Thanks to extraordinary performances by an ensemble cast and a smart script by Paul Haggis who also wrote last year's Best Picture Oscar winner Crash, The Last Kiss has plenty for everyone. Male viewers will naturally connect with the scenarios of despicable behavior we've either witnessed or experienced in real life, females will find comfort in the story's messages of love and commitment, and the older crowd can revel in the brilliant turns by Tom Wilkinson and Blythe Danner.

Zach Braff is Michael, a 29 year-old architect with a beautiful girlfriend, Jenna (Jacinda Barrett), whom he loves but isn't quite ready to marry. When informed that Jenna is pregnant, Michael pushes the panic button and acts upon the advances of Kim, an assertive little college cutey in the form of The O.C.'s Rachel Bilson. Michael's afraid of his life becoming predictable, and Kim seems to want nothing more than to explore her wild side the perfect formula for conflict.

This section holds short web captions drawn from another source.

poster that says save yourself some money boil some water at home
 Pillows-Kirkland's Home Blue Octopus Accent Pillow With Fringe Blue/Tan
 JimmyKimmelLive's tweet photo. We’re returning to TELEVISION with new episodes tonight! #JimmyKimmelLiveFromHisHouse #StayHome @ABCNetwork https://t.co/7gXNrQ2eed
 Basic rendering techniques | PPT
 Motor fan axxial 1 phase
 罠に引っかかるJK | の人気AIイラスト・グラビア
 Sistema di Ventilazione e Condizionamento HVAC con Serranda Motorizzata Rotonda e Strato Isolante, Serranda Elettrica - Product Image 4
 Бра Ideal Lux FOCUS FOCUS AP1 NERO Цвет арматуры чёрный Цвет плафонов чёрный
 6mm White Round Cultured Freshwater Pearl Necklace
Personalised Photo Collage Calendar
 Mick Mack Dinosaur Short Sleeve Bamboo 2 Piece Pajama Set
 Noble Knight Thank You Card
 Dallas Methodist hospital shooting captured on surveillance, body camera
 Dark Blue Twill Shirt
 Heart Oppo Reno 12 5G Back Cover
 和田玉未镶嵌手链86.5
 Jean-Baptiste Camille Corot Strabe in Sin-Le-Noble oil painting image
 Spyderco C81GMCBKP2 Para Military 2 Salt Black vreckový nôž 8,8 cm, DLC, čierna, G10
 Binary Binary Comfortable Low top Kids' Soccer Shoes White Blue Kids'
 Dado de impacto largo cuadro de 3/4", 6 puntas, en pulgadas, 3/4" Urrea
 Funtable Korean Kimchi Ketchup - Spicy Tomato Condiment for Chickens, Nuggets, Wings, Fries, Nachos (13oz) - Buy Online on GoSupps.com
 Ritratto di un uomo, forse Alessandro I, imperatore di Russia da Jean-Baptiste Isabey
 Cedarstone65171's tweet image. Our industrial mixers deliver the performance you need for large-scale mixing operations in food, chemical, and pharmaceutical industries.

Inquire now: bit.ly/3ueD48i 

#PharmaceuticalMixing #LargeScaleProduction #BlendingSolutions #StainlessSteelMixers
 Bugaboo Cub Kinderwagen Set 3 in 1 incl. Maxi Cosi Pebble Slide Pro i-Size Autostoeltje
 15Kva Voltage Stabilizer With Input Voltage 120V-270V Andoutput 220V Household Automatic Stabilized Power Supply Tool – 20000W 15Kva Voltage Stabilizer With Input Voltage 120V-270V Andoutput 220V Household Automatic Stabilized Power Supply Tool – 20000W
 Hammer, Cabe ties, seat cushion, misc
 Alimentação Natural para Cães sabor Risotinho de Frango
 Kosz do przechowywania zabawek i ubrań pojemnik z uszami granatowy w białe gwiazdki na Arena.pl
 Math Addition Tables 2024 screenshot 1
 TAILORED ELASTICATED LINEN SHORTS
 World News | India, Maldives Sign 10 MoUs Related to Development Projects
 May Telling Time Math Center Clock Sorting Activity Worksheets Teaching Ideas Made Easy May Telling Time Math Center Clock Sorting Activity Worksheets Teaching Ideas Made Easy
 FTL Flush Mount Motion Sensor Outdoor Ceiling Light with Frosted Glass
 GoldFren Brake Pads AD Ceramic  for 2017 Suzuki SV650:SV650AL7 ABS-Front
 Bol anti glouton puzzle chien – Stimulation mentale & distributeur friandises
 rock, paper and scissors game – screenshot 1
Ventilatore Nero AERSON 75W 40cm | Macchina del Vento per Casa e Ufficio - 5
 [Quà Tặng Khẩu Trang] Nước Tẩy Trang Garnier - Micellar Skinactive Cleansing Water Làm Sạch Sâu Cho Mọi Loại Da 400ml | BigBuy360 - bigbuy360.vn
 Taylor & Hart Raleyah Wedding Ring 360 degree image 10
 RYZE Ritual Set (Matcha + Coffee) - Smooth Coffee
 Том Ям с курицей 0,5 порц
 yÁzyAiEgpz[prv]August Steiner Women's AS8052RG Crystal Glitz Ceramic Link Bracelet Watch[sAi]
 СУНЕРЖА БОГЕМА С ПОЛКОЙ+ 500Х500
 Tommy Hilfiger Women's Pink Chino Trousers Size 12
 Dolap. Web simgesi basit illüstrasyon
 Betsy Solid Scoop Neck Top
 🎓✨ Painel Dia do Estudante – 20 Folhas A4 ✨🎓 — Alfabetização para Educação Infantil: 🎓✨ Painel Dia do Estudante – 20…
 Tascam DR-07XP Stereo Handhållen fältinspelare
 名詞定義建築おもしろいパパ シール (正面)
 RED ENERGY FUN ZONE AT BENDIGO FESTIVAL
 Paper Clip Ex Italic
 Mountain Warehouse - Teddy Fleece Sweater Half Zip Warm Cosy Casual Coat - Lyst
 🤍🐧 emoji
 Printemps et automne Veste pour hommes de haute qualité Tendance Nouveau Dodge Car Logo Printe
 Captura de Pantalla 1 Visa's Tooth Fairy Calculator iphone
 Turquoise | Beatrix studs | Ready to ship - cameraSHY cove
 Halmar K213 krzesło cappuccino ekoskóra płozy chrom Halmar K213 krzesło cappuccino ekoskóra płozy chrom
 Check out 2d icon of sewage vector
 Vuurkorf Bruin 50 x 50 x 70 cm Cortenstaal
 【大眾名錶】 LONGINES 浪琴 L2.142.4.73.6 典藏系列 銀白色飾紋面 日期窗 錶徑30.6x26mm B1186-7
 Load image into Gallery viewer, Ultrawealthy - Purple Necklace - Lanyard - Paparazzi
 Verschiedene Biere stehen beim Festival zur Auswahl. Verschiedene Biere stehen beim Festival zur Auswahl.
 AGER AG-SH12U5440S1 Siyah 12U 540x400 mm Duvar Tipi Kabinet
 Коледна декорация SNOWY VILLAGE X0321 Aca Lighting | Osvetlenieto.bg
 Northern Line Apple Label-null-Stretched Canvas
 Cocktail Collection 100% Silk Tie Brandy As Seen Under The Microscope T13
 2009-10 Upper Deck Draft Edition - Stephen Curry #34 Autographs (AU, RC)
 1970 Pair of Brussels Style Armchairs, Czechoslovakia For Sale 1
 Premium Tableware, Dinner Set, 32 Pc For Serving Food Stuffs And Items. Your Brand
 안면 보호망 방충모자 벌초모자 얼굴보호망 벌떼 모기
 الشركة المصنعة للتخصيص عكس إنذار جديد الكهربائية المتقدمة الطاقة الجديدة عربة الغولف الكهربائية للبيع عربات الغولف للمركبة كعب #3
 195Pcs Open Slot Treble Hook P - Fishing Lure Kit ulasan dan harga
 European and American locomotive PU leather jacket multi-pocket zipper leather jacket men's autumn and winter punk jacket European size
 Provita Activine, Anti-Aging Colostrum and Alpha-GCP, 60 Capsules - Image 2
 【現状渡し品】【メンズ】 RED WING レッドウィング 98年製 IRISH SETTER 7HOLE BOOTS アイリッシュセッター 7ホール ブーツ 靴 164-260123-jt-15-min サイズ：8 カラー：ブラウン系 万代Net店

Haggis' screenplay walks a perfect line between a yuk-filled bachelor party film and a saccharin-sprinkled romantic comedy. It's often funny, sometimes sexy, but always downright prickly with the realities of life's challenges. While this year's The Break-Up experienced success with its uniquely bleak exploration into the nature of relationships, it never really delved much deeper than a few inches below the surface. Conversely, The Last Kiss exposes the raw nerves of what happens when relationships falter. Without hammering us over the head with the message, we see what it's like to turn a major corner in life while maintaining a sense of youthfulness. Haggis presents deeply flawed characters while handling them in a very compassionate and humane manner.

The scenario we've seen hundreds of times before, and the subject matter is certainly not original in fact, been explored ad nauseam. But where The Last Kiss excels is in the magical way the cast comes together to create such well-rounded, multi-dimensional characters that we truly believe in. Credit director Tony Goldwyn (A Walk on the Moon), whose acting background shows in the way he's able to get such brilliant performances from everyone involved. From Braff's Michael who we love despite his oftentimes selfish behavior, to his abhorrent buddies who are experiencing their own relationship crises, to Jenna's mom and dad played by Danner and Wilkinson respectively, there's not a single character that fails to resonate with the audience. They all have faults and fall to life's temptations (some more than others), but it's how they deal with it and the lessons they teach us that are ultimately important. That we see a little of our own faltering selves in these characters gives us some sort of primordial connection to the message.